# Creating Datasets: PurpleAir
Documentation on source code used to generate the AirThings datasets.

In [42]:
import matplotlib.pyplot as plt
import matplotlib.dates as mdates
import seaborn as sns

import pandas as pd
import numpy as np

import sys
sys.path.append("../")
from src.data import make_purpleair_dataset, make_airthings_dataset, make_dataset

#import warnings
#warnings.filterwarnings('ignore')

%load_ext autoreload
%autoreload 2

The autoreload extension is already loaded. To reload it, use:
  %reload_ext autoreload


---

# Table of Contents
1. [Creating an Object](#instantiating)
2. [Generating the Dataset](#generating_dataset)

---

<a id="instantiating"></a>

# Creating a `Process` Object
The line to create a `Process` object to pull PurpleAir data is shown below:

In [43]:
pa_processor = make_dataset.PurpleAir(start_date="20220501",end_date="20220517")

where the three possible input parameters are:
* `start_date`: string in the format %Y%m%d (or yyyymmdd) specifying the first date of data to include
* `end_date`: string in the format %Y%m%d (or yyyymmdd) specifying the last date of data to include
* `ip_filename`: string specifying the filename that contains the IP addresses in the /references/meta_data/ directory.
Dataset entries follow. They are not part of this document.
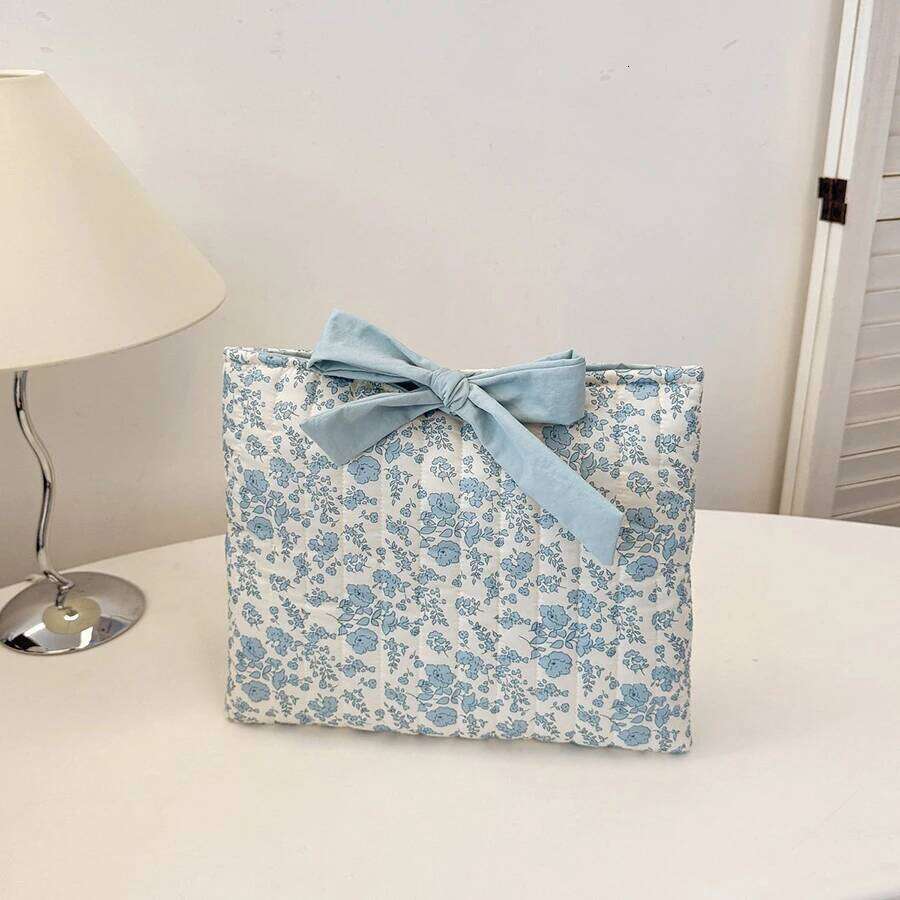 1PC Floral Quilted Makeup Bag with Bow Large Capacity Multifunctional Practical lightweight College Style Unsealed Lined XJ260310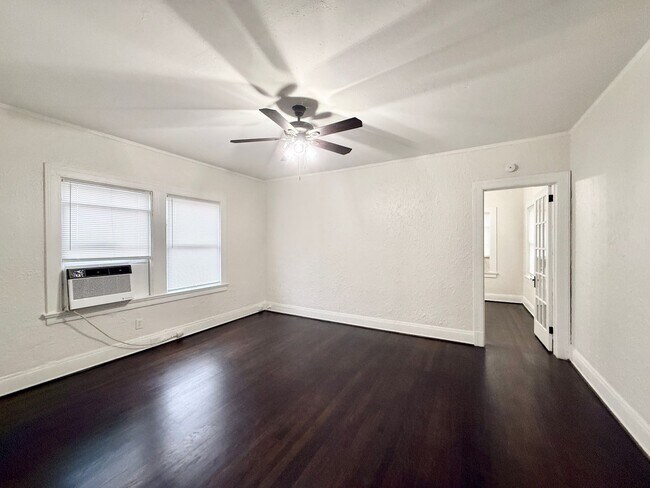 Building Photo - Unique Downstairs 1/1 w/ Hardwoods in Small 1920's Complex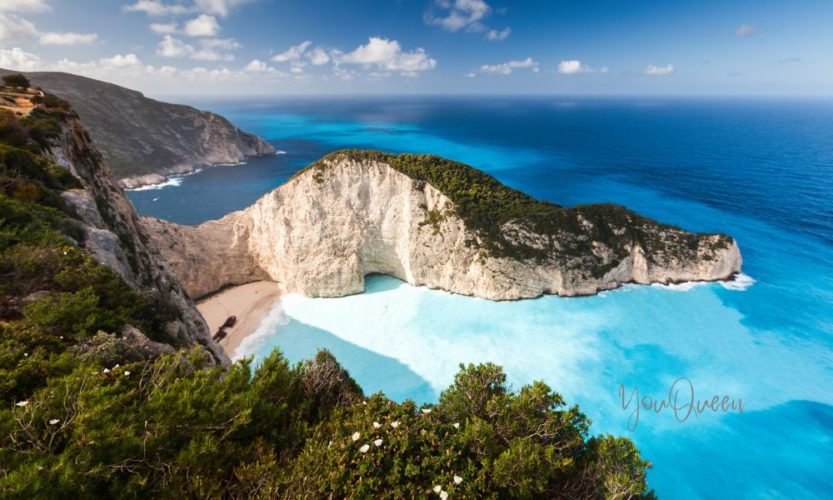 This image has an empty alt attribute; its file name is Greek-Islands-You-Must-See-2-833x500.jpg
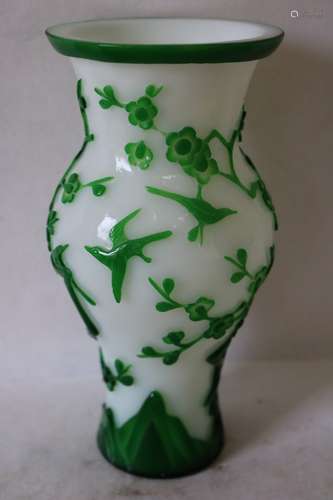 Peking Glass Vase, White & Green, Birds & Flowers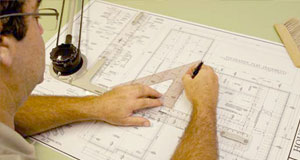 kelly looking at plans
None, specifies the file "airthings_meta.csv" which should be the default.

---

<a id="generating_dataset"></a>

# Generating the Dataset
The `make_dataset()` method creates the aggregated dataset by running subsequent methods.

## `download`
The `download` method takes a single IP address and downloads all available data from that device.

In [44]:
pa_processor.download()

Accessing 20 urls with async...Done
Download complete...
Processing PA_2C79...
Processing PA_FBAC...
Processing PA_05B7...
Processing PA_FC10...
Processing PA_36A4...
Processing PA_1D90...
Processing PA_FA97...
Processing PA_1A0A...
Processing PA_667E...
Processing PA_FD40...
Data saved to /Users/hagenfritz/Projects/bleed-orange-measure-iaq/data/interim/purpleair/


Data are stored in the /data/interim/purpleair location

In [49]:
temp = pd.read_csv("/Users/hagenfritz/Projects/bleed-orange-measure-iaq/data/interim/purpleair/PA_FBAC (inside) (30.288195 -97.735269) Primary Real Time 05_01_2022 05_15_2022.csv",
            index_col=0,parse_dates=True,infer_datetime_format=True)
temp.head()

Unnamed: 0_level_0,entry_id,PM1.0_CF1_ug/m3,PM2.5_CF1_ug/m3,PM10.0_CF1_ug/m3,UptimeMinutes,RSSI_dbm,Temperature_F,Humidity_%,PM2.5_ATM_ug/m3
created_at,Unnamed: 1_level_1,Unnamed: 2_level_1,Unnamed: 3_level_1,Unnamed: 4_level_1,Unnamed: 5_level_1,Unnamed: 6_level_1,Unnamed: 7_level_1,Unnamed: 8_level_1,Unnamed: 9_level_1
2022-05-01 00:02:28+00:00,109261,4.76,7.25,7.27,11792.0,-61.0,80.0,37.0,7.25
2022-05-01 00:04:28+00:00,109262,4.64,6.55,7.04,11794.0,-62.0,80.0,37.0,6.55
2022-05-01 00:06:28+00:00,109263,4.15,5.85,5.94,11796.0,-61.0,80.0,37.0,5.85
2022-05-01 00:08:32+00:00,109264,4.24,5.88,6.24,11798.0,-62.0,80.0,37.0,5.88
2022-05-01 00:10:26+00:00,109265,4.78,6.07,6.07,11800.0,-61.0,80.0,37.0,6.07


## `make_dataset`
This method takes the two previous methods to download data, combine datasets, and perform quality checks.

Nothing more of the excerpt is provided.